WHAT IS EXPECTED
Please output the data exactly, minus pictures.

DATASET CONTENT
BEGIN

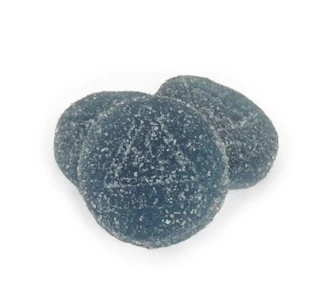 KALIKORI - Kalikori | Wild Berry | 10mg | Sample Dot [S]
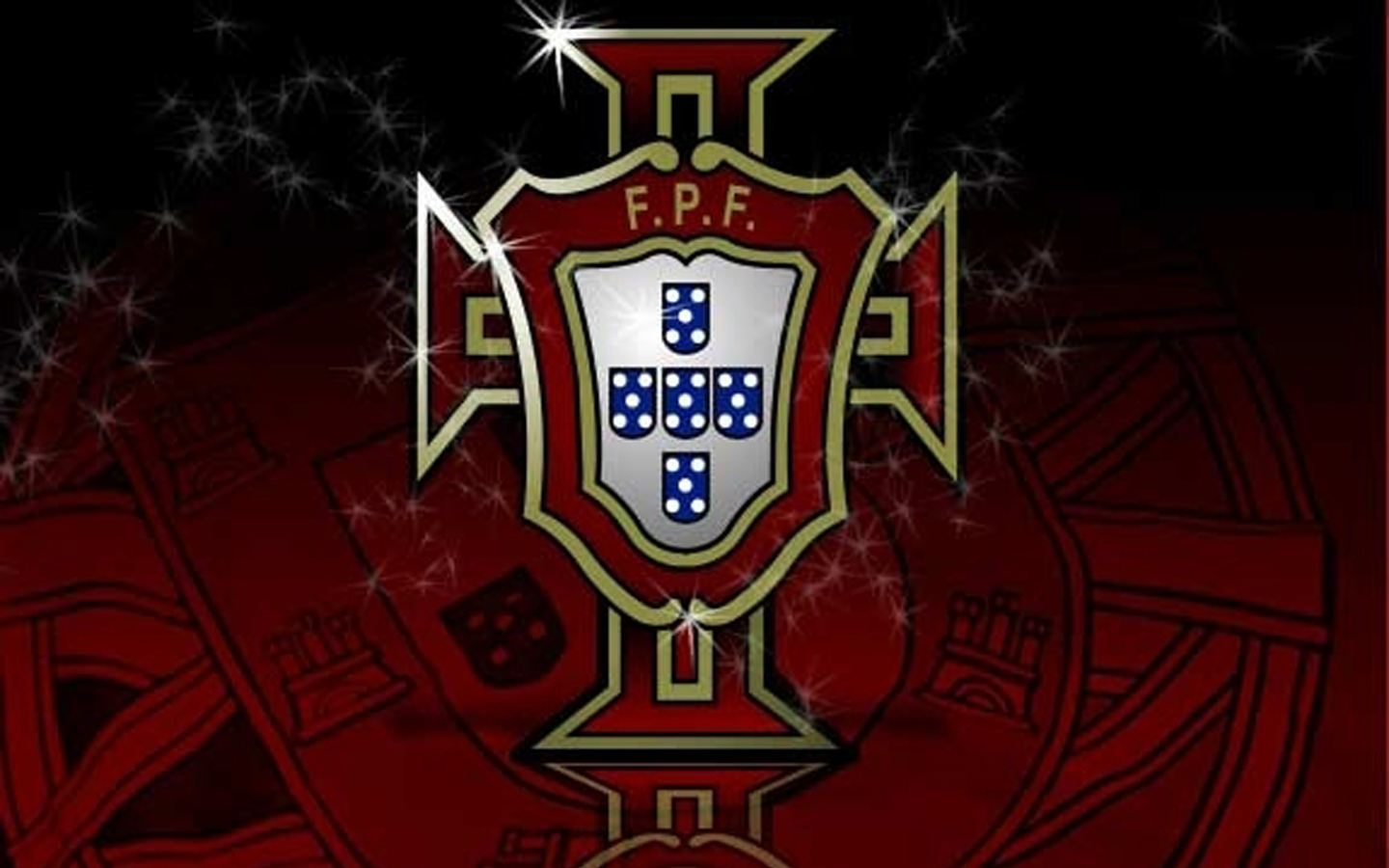 Portugal National Football Team Wallpapers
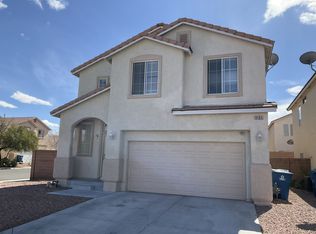 9165 Whitecap Rains Ct, Las Vegas, NV 89148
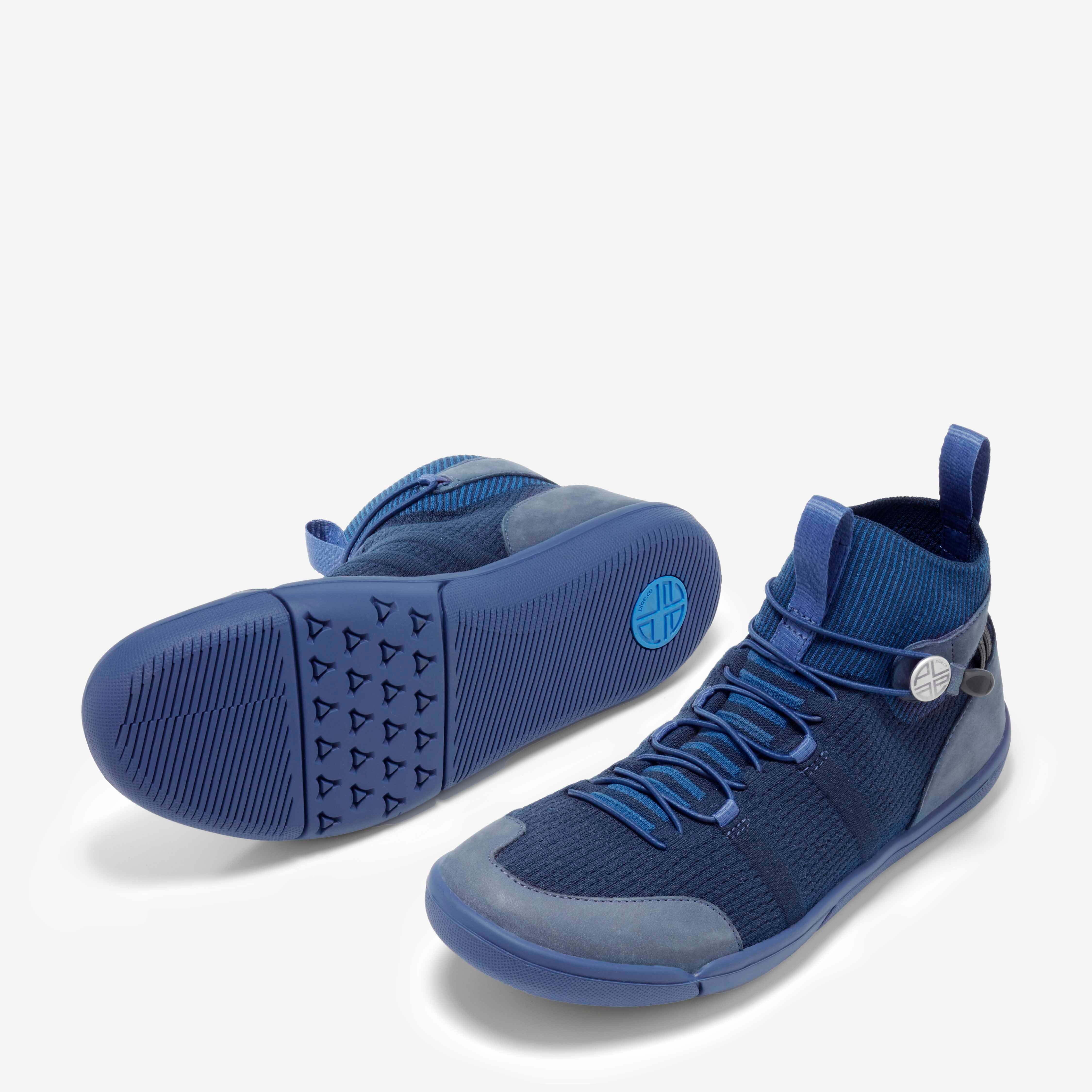 Hammond - Spinner Blue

END

YOUR RESPONSE
 KALIKORI - Kalikori | Wild Berry | 10mg | Sample Dot [S]
 Portugal National Football Team Wallpapers
 9165 Whitecap Rains Ct, Las Vegas, NV 89148
 Hammond - Spinner Blue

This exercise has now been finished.